Branding is all about creating alignment of your companies’ business processes with its corporate culture. British Petroleum (BP) provides a case in point of a brand that got way out front of its business process and culture to produce tremendous exposure to risk.

Back in 2000, BP announced a major change in posture from “British Petroleum” to “Beyond Petroleum” and spent hundreds of millions of dollars promoting their new position. Did it have a positive impact on the company? Most assuredly the impact was positive at the time. But will the brand be damaged because of the major oil spill in the Gulf of Mexico? Without a doubt.

If an oil company is not 100% committed to dealing with any potential catastrophic disaster, how can it contemplate building the brand before it has addressed the basics of the business? With thousands of rigs pumping oil in the Gulf today how could something as fundamental as a shut-off valve not be standard operating procedure?

Logo on Smokestacks
I was once asked by a group of senior managers at a major petroleum company if they should put their corporate logo on the smokestacks of their ships. I asked if all of their ships were double hulled? Their answer was “no.” How then could they even ask the question?

Exxon still bears the burden of the spill in Alaska more than 20 years after the Valdez ran aground. The management of BP should have learned from the Exxon spill that there must be a better way to manage disaster. There is no getting around the fact that every dead turtle, fish and bird that washes up on a Gulf Coast shore over the foreseeable future will be blamed on BP. The media and the public will be relentless on these issues.

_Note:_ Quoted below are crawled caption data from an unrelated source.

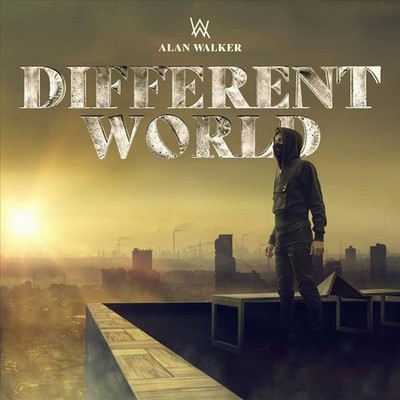 ALAN WALKER DIFFERENT WORLD NEW CD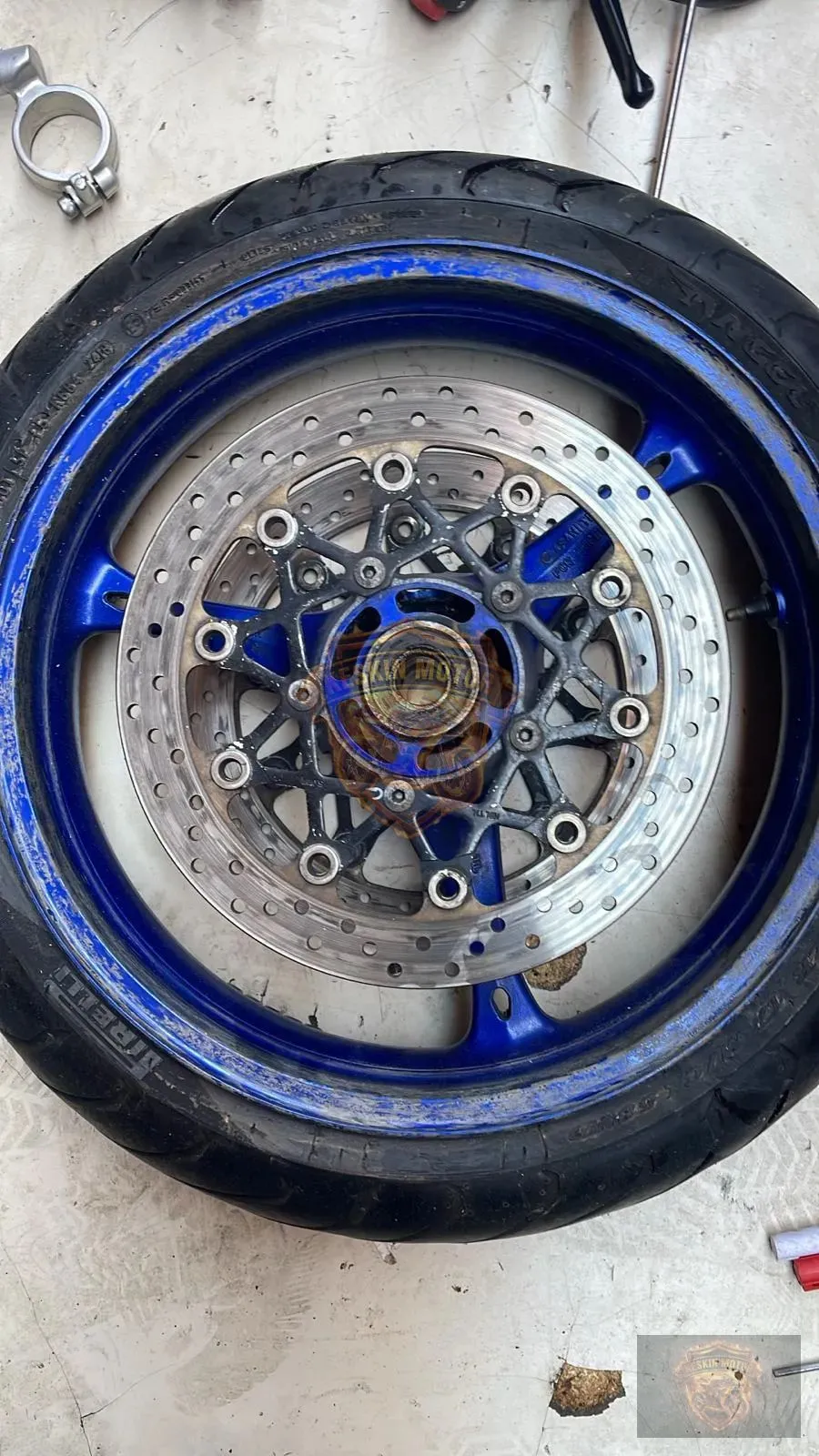 SUZUKİ GSXR 1000 K5-K8 ÖN JANT - Keskin Motor Orijinal Çıkma Parça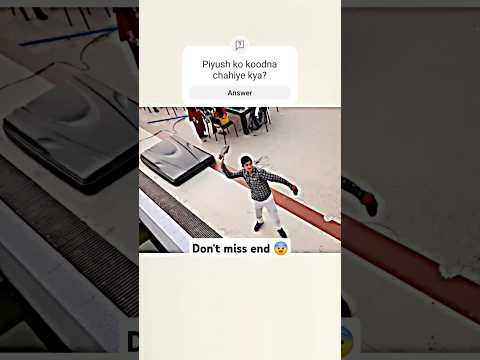 Piyush ko chappal padi 😂 Sahil ki wajah se 🤦 #trending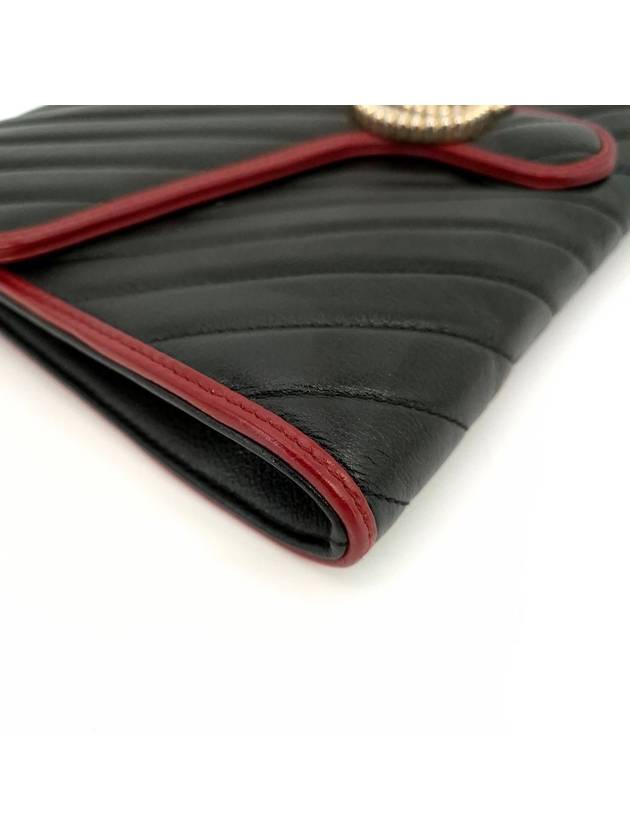 GG Marmont Matelasse Clutch 498079 - GUCCI - BALAAN 5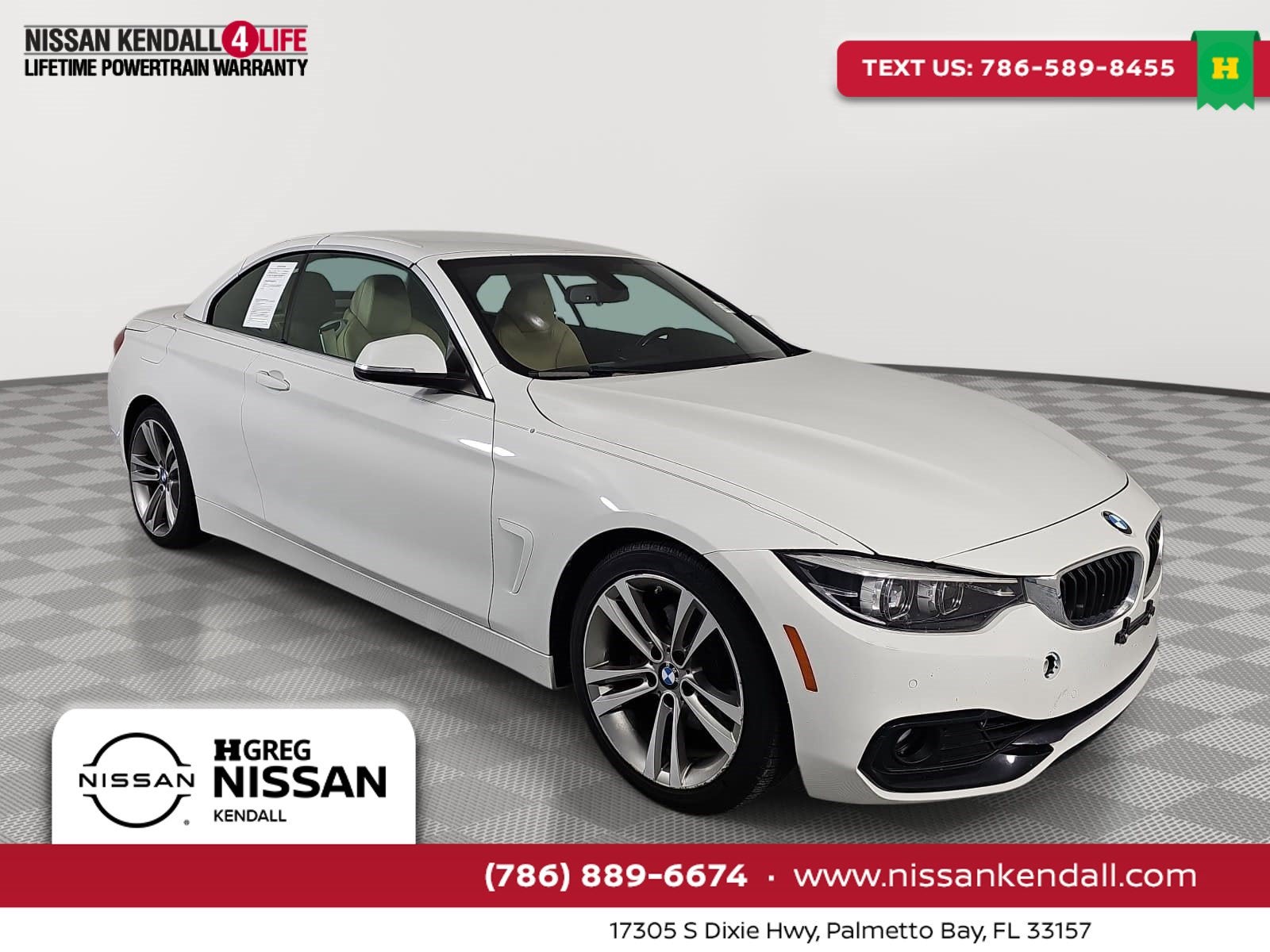 2018 BMW 4 Series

So, how is BP’s image doing? British Petroleum became BP in the year 2000 when it developed the “Beyond Petroleum” tagline. The attached CoreBrand “Brand Power” chart illustrates the effectiveness of the tagline campaign as it helped improve BP’s Brand Power in the US among business decision makers from a score of 30 (on a 100 point scale) when the campaign was launched in 2000 to an all time high of 50 in 2008.

The decline in recent years is likely caused by industry vulnerability and the fact that BP’s current management is no longer as committed to building the value of the brand (i.e. BP has reduced corporate advertising from $75 million in 2007, $53.5 million in 2008, to $32.8 million in 2009).

The savings of a few million in advertising has already likely cost BP billions in brand equity, which has declined from $19.9 Billion in 2008 to $14.3 Billion in 2009. The industry declined more drastically over that time from an average of $13 Billion in 2008 to $7.4 Billion in 2009, which indicates again that the campaign was helpful in protecting the brand from declines in the market. BP’s Brand Power will surely erode significantly faster in the near future.

When Ford Motor Company was spending billions of dollars to promote, “Quality as Job #1” we recommended that they would be better served by putting those billions into building better quality cars. Ford made that change and today is a far better company with a brighter future. Moreover, their advertising will be more effective.

Understanding one’s brand in relation to its business and culture is critical for allocating budgets properly. More importantly, it should be a way of life for the management of any corporation.

Hi James – thank you for this fascinating response to Susan’s post. I’m heading across to see the Brand Power chart now.

What do you make of their crisis management approach on the corporate website?